When you use Nokogiri::HTML(some_html) or Nokogiri::XML(some_xml), Nokogiri will look to see if the content is valid. If it isn't, it will do fix-ups on the content in an attempt to make it so. For instance:
require 'nokogiri'
html_fragment = "<p>foo bar</p>"
Nokogiri::HTML(html_fragment).to_html
# => "<!DOCTYPE html PUBLIC \"-//W3C//DTD HTML 4.0 Transitional//EN\" \"http://www.w3.org/TR/REC-html40/loose.dtd\">\n<html><body><p>foo bar</p></body></html>\n"
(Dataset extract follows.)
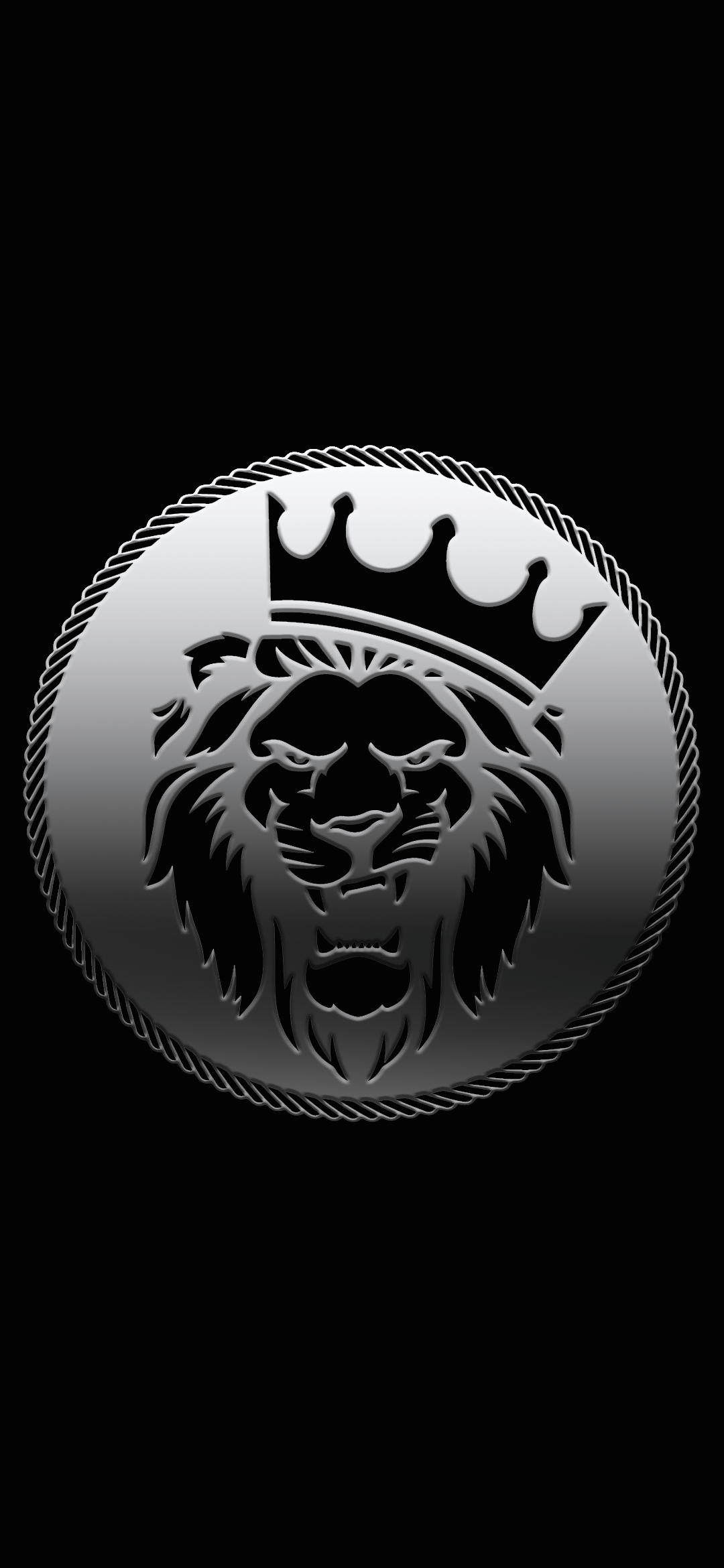 1080x2340 Wallpaper Black and White, Logo, Jaw, Art, Circle, Background Free Image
If the document is partially correct Nokogiri still adds the DOCTYPE statement:
html = "<html><body><p>foo bar</p></body></html>"
Nokogiri::HTML(html).to_html
# => "<!DOCTYPE html PUBLIC \"-//W3C//DTD HTML 4.0 Transitional//EN\" \"http://www.w3.org/TR/REC-html40/loose.dtd\">\n<html><body><p>foo bar</p></body></html>\n"
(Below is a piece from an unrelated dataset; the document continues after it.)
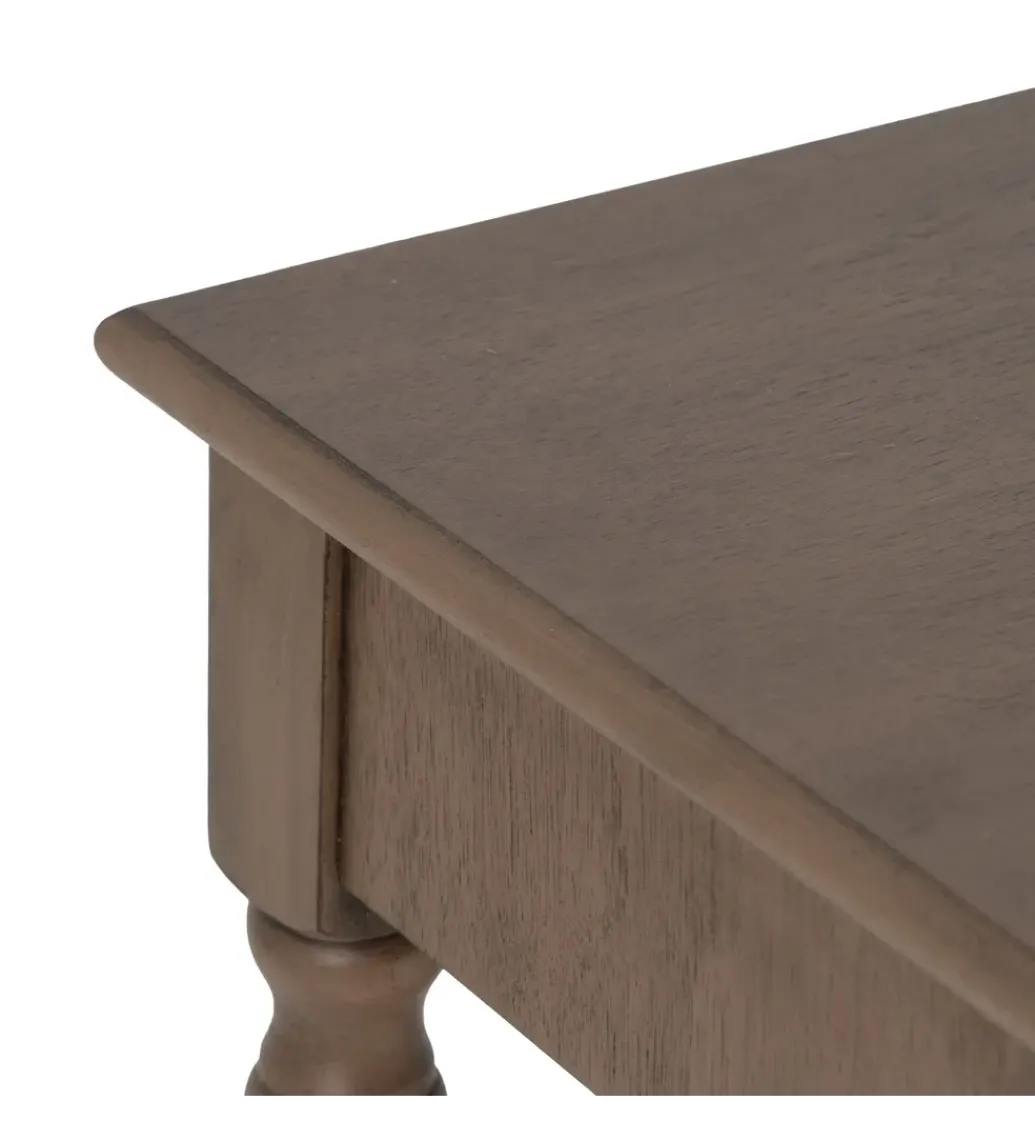 Konsola TEMPU 90 cm drewno sosna brązowy outlet*Zona-Design Best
If you want Nokogiri to leave the document along, because it's supposed to be a fragment, tell it to do so:
Nokogiri::HTML::DocumentFragment.parse(html_fragment).to_html
# => "<p>foo bar</p>"
Or:
xml_fragment = "<x>foo bar</x>"
Nokogiri::XML::DocumentFragment.parse(xml_fragment).to_xml
# => "<x>foo bar</x>"
Nokogiri is pretty smart about handling XML and HTML. You can try to confuse it and it'll generally do the right thing:
xml_fragment = "<x>foo bar</x>"
Nokogiri::HTML::DocumentFragment.parse(xml_fragment).to_xml
# => "<x>foo bar</x>"
That's parsing XML as an HTML fragment and telling it to emit it as XML.
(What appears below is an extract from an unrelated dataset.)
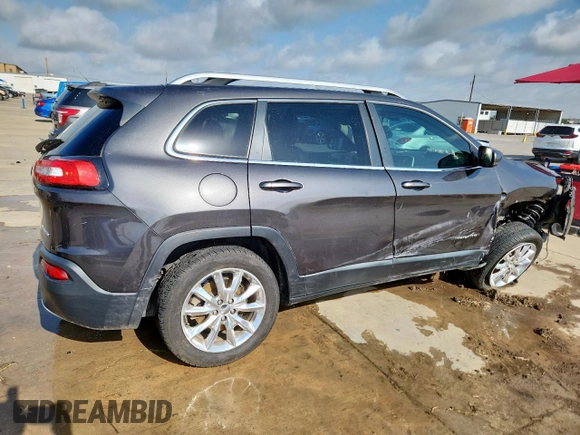 2014 Jeep Cherokee Limited with VIN 1C4PJLDS0EW238119, listed as a Copart auction lot 61607495 with 181,689 mi miles and Salvage title. Bid and sale history available at DreamBid. Image 3.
Now, that all said, it's pretty obvious Nokogiri isn't doing anything mysterious, so, here's how to fix the problem. First, parse it as XML so Nokogiri doesn't think it should add the HTML DOCTYPE declaration, then, if the XML is syntactically correct, tell Nokogiri it's OK to parse it as a complete document:
require 'nokogiri'
xml = %{<?xml version='1.0' encoding='UTF-8'?>
<maven2-moduleset plugin="maven-plugin#1.504">
<actions/>
<description></description>
<keepDependencies>false</keepDependencies>
<properties>
<hudson.plugins.throttleconcurrents.ThrottleJobProperty plugin="throttle-concurrents#1.7.2">
</hudson.plugins.throttleconcurrents.ThrottleJobProperty>
</properties>
</maven2-moduleset>
}
puts Nokogiri::XML.parse(xml).to_xml
# >> <?xml version="1.0" encoding="UTF-8"?>
# >> <maven2-moduleset plugin="maven-plugin#1.504">
# >> <actions/>
# >> <description/>
# >> <keepDependencies>false</keepDependencies>
# >> <properties>
# >> <hudson.plugins.throttleconcurrents.ThrottleJobProperty plugin="throttle-concurrents#1.7.2">
# >> </hudson.plugins.throttleconcurrents.ThrottleJobProperty>
# >> </properties>
# >> </maven2-moduleset>
Or as a fragment, which, because it's complete, will result in the same thing:
puts Nokogiri::XML::DocumentFragment.parse(xml).to_xml
# >> <?xml version='1.0' encoding='UTF-8'?>
# >> <maven2-moduleset plugin="maven-plugin#1.504">
# >> <actions/>
# >> <description/>
# >> <keepDependencies>false</keepDependencies>
# >> <properties>
# >> <hudson.plugins.throttleconcurrents.ThrottleJobProperty plugin="throttle-concurrents#1.7.2">
# >> </hudson.plugins.throttleconcurrents.ThrottleJobProperty>
# >> </properties>
# >> </maven2-moduleset>
Instead of using Net::HTTP, which is the bare-building blocks for HTTP, I'd recommend looking at something a bit higher-level, like HTTPClient. Here's code that is similar to yours:
require 'httpclient'
require 'nokogiri'
URL = 'http://jenkins.my.domain.web:8080/my/job/location/config.xml'
http_client = HTTPClient.new
xml_doc = Nokogiri::HTML(
http_client.get_content(URL)
)
# Get current branch name using CSS for simplicity:
branch_name = xml_doc.at('hudson.plugins.git.branchspec name')
# Get new branch name
print 'Enter new branch name '
new_branch_name = gets.chomp.downcase
# Set branch name and create xml
branch_name.content = new_branch_name
puts 'Logging into Jenkins'
http_client.set_auth(domain, 'user', 'password')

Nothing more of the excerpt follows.